シフトチェンジによる減速は、BレンジやSレンジが主流に
一般的なATのシフトパターンは、P(パーキング)、R(リバース)、N(ニュートラル)、D(ドライブ)が基本のパターンだ。
その下に、以前は、発進時にエンジントルクが必要になるようなシチュエーションでの低速走行を担うL(ロー)シフトが加えられていることが多かった(今でもLレンジ付のクルマもある)が、現在は、コンパクトカーを中心にCVTが主流となったため、B(「ブレーキ」のB)やS(「スポーツ」のS、日産の旧型ノートでは「スマート」のS)レンジを採用する場合が多い。
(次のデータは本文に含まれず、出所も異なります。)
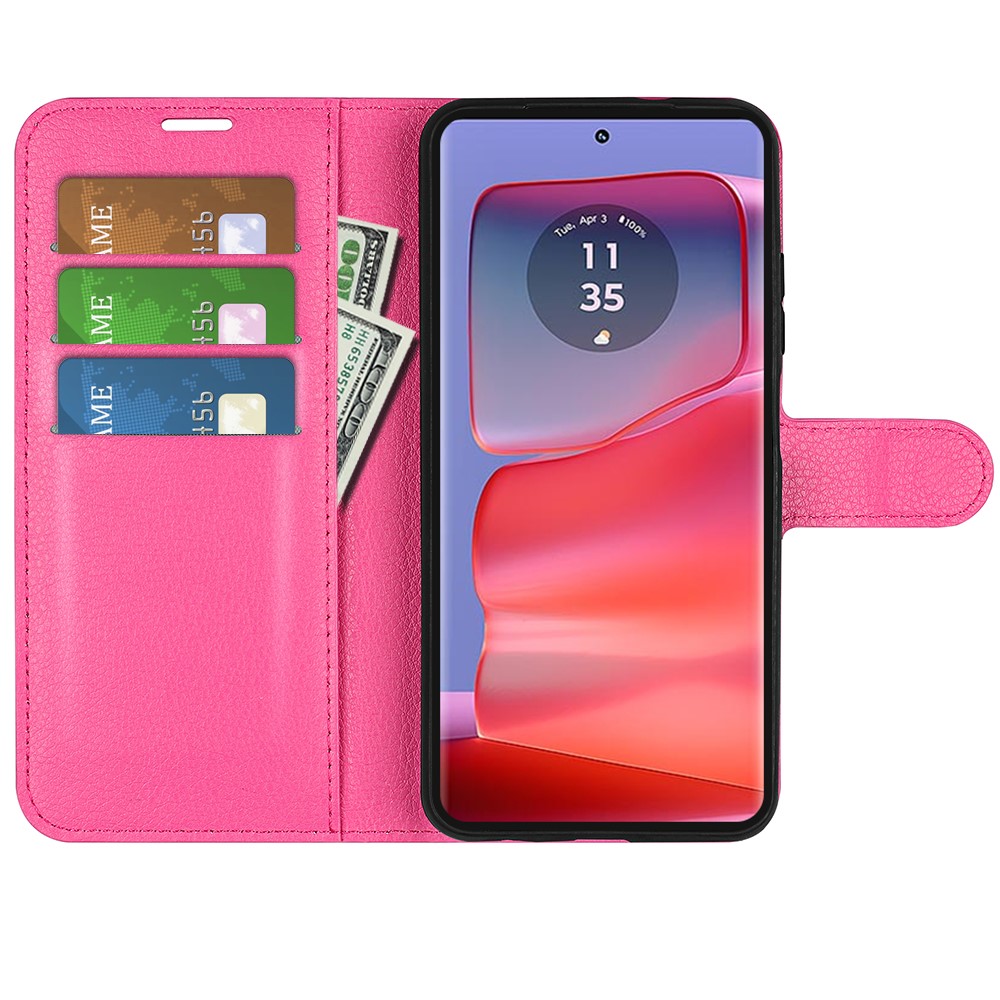  Motorola Edge 50 Pro 5G Litchi Läder Fodral Rosa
変速比を自在に変えられるCVTの場合、変速比を抑えて擬似的にエンジンブレーキを効かせているため、「Bレンジ」と表現している。また、モーターで駆動するEVやハイブリッド車の場合も、「Bレンジ」という表現となる。
また、Dレンジを左右に倒して、マニュアル操作に切り替えるMシフトも増えてきた。ドライバーが意図的にギア比を変更し、エンジンブレーキを使って減速するという意味では、オーバードライブスイッチと目的は同じだ。
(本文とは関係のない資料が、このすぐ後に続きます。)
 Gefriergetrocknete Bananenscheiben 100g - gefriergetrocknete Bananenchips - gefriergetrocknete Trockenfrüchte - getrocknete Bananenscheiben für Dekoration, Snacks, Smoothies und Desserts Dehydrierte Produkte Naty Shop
ちなみに、最近の多段ATの中には、さらなる燃費改善を狙いとして、オーバードライブギアを複数もつクルマも多い。たとえば、レクサスのLC500の10速ATだと、7速1.000、8速0.792、9速0.640、10速0.598と、3つもオーバードライブギアがある。なんとも驚きだ。
ACCで事足りる
近年増えてきているパドルシフトも、オーバードライブスイッチと同じような役割だ。ホンダのインサイトやNSXといったシフトチェンジをスイッチで行うクルマの場合、フットブレーキによらない減速操作は、パドルシフトによって行うようになっている。
しかしそもそも、自動で車速を維持したり、車間保持をしてくれるアダプティブクルーズコントロール(ACC)を頻繁に使う方ならば、たとえオーバードライブスイッチがあったとしても、使う機会はほとんどないだろう。
もはや、オーバードライブスイッチは、軽の商業バンのような、ごく一部に残る4速AT車でしか見ることはできない。オーバードライブスイッチは、技術進化によって、その役割を別のスイッチへと譲り渡している。